In the days after the US midterm elections cable news outlets, radio programs, political pundits, newspapers, and activists on both sides of the ideological spectrum have exerted a great deal of blood and sweat to explain the nationwide drubbing of the Democrats. Democrats are predictably covering their behinds—conceding voter anger, but cautioning that the country has not lurched to the right in just two years. Republicans are claiming validation of their position and a greater ideological alignment with the American people. Activists and enthusiasts of all stripes are weaving narratives that use the election results to validate their personal political perspective. The question, of course, is whether any of this is correct or meaningful. Was this election a mass repudiation of Democratic policies? Was it a validation of the Republican platform and/or Tea Party-style conservatives?

Elections are like Rorschach bots—everyone sees something different, and often times what they see is what they want to see. Particularly with elections, people like to place causation in the hands of people—agents—whose efforts, words, thoughts, etc, drive the outcome. And to be sure, individual agents can and do wield a great deal of influence on events. But an overemphasis on agents can lead to spurious conclusions about why something happens. You must also look at structural or environmental factors.

Over at the Monkey Cage, John Snides has a great piece precisely along these lines. Snides and his colleagues looked at which factors where the best predictors of voter choice:

If you had one thing, and one thing only, to predict which Democratic House incumbents would lose their seats in 2010, what would you take? The amount of money they raised? Their TARP vote? Their health care vote? Whether they had a Tea Party opponent? A Nazi reenactor opponent?

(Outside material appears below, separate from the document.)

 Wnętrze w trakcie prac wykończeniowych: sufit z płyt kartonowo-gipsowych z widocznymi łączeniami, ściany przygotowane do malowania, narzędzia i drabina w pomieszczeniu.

Not surprisingly, it’s none of those.

As is typically the case, the partisan makeup of a politician’s district mostly determines which candidate will win.  Snides and his colleagues found that the 2008 Presidential vote in a district explained 83% of the variation in the 2010 vote share (see graph below).

This data does not negate agent-centered factors, but it certainly dulls them.  Additionally, many of the theories being thrown about (the vote was a referendum on Obama, on Democrats, on “Big Government”, etc) just don’t have the explanatory power that the partisan makeup of a district has.

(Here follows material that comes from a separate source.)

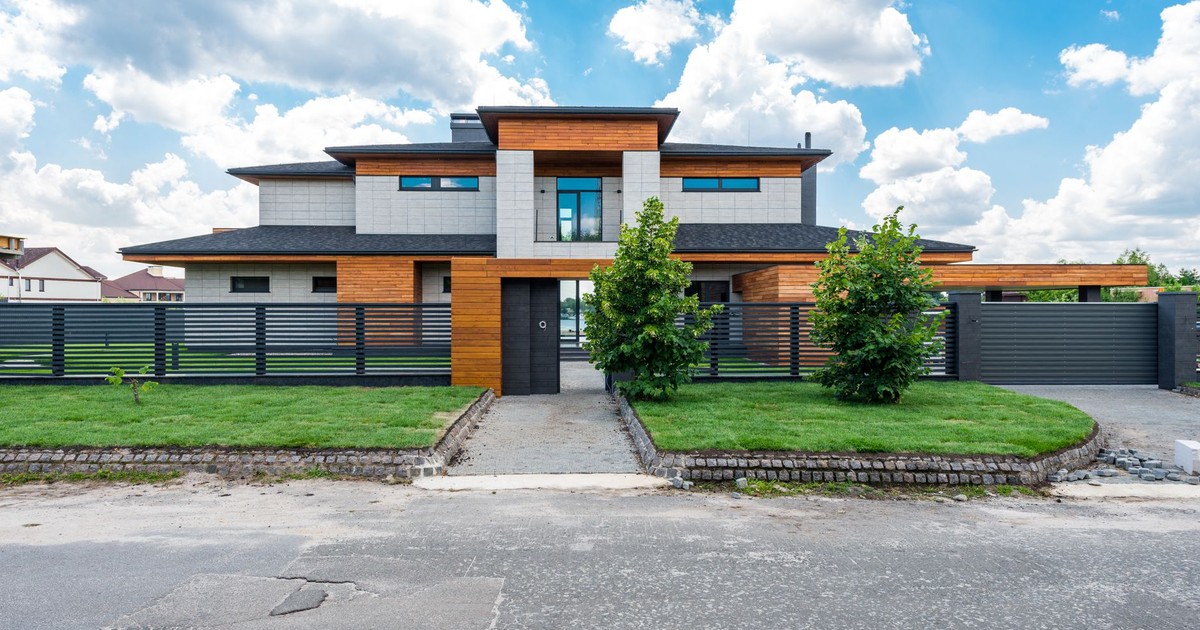 Facade of contemporary luxury villa building with lawn and green trees under blue sky with clouds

What’s clear is that, structurally speaking, the Democrats were set up for a shellacking.  Historically, the President’s party takes a big hit in the midterms, incumbents are punished in a poor economy (regardless of their control over it), and incumbents in swing districts will be the first to go.  Many of the seats Democrats gained in 2006 and 2008 to take a commanding majority in the House were obtained by targeting vulnerable Republicans in swing districts.  Conservative Democrats ran and won in those districts, meaning they faced a center-right electorate.  Given these structural factors, it is no surprise that the Democrats lost so many seats.

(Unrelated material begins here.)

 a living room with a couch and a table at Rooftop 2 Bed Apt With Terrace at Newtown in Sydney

Structural explanations are not very sexy.  They don’t allow a ton of room for debate and analysis after the initial work is done.  By their nature, there isn’t a whole lot that can be done to alter the conditions (i.e. a reduced role for agency).  And they don’t really allow people to indulge in great philosophical and ideological satisfaction.  But, at the end of the day, they can be powerful explanations.  Democrats in 2006 and 2008 were overzealous in their interpretation of what those election results implied, and the same may happen to Republicans in 2010.  Savvy politicians and operatives should take heed.